If there are two (can be generalized to n) classes and both follow the same distribution (but with different parameters) it is possible to predict which class an observations comes from.

Here I’ll try to predict a sample’s gender based on their height. The distribution of a person’s height is more or less normal. There are two parameters of a normal distribution. I’ll consider the easy case in this post: males and females have different average heights, but the distributions have the same standard deviation.

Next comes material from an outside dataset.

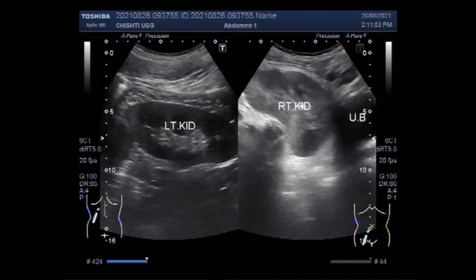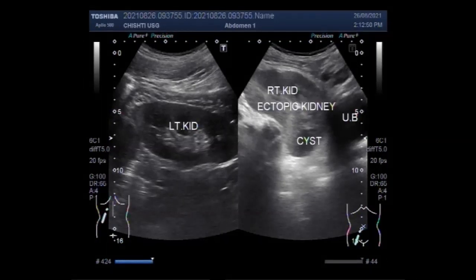It has been found to affect patients with pelvic kidneys. You can find some important information in the description of this video. Thanks for watching. Please subscribe to my channel, and if you like this video, please click the like button.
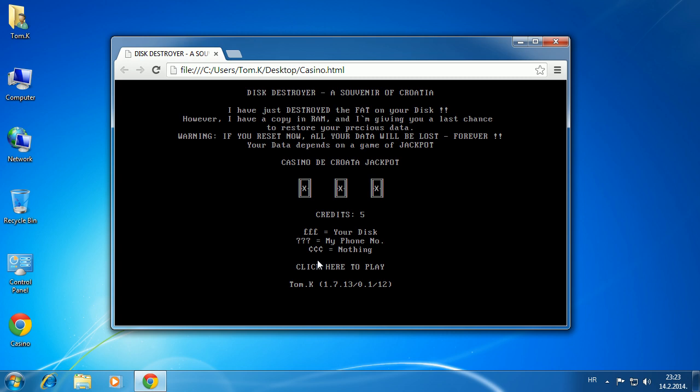Same stuff, same type of payload like the original casino DOS virus.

For the graphs and subscripts, male = 1, female = 0.

There are 3 things to do:

1. Make sure our data is roughly normal. If our prediction is predicated on the data being normal, it data better be normal.
2. Derive the decision rule.
3. Test how well our rule works.

The data set we’ll be using is from the Journal of Statistics Education. I’ve stripped out most the the information except for height, and gender.

Is Our Data Normal
Have a look at this graph:

Looks more or less normal like we thought, but what about the genders by themselves.

Male vs Female

Again this looks good.[1]

Deriving the Decision Rule

Great, so the the data is normal, but what’s next. We’ll make the decision to classify a case to a gender if the probability of that case being male is greater than that case being female. Or, formally,
$P(case = male | height = x) \geq P(case = female | height = x)$
Because we’ve assumed normality let’s put the pdf’s the inequality.
$\frac{1}{\sqrt{2\pi\sigma^2}}\exp{\frac{-(x - \mu_1)^2}{2}} \geq \frac{1}{\sqrt{2\pi\sigma^2}}\exp{\frac{-(x - \mu_2)^2}{2}}$
Remember, we assumed that the standard deviations were the same.
It’s fairly obvious form the equations[2] that when,
$(x - \mu_1)^2 \leq (x - \mu_0)^2$
the original inequality will hold. Now if we do some algebra we can see that when
$x \geq \frac{\mu_1 + \mu_0}{2}$
the case will be classified as male. To visualize this, it would be a vertical line through the average of the means. Anything on the right male, on the left female.

Testing

To see how well our decision rule works the data needs to be split into a training set – to put actual numbers to the rule – then a testing set to see how well the prediction works.

I’ll be using R to do the analysis. All the data is in a data.frame hw.

First we’ll split the data.frame into the training and testing sets.

 > nr <- nrow(hw) > hw.shuffle <- hw[sample.int(nr),] > hw.train <- hw.shuffle[1:as.integer(nr*.7),] > hw.test <- hw.shuffle[as.integer(nr*.7):nr,]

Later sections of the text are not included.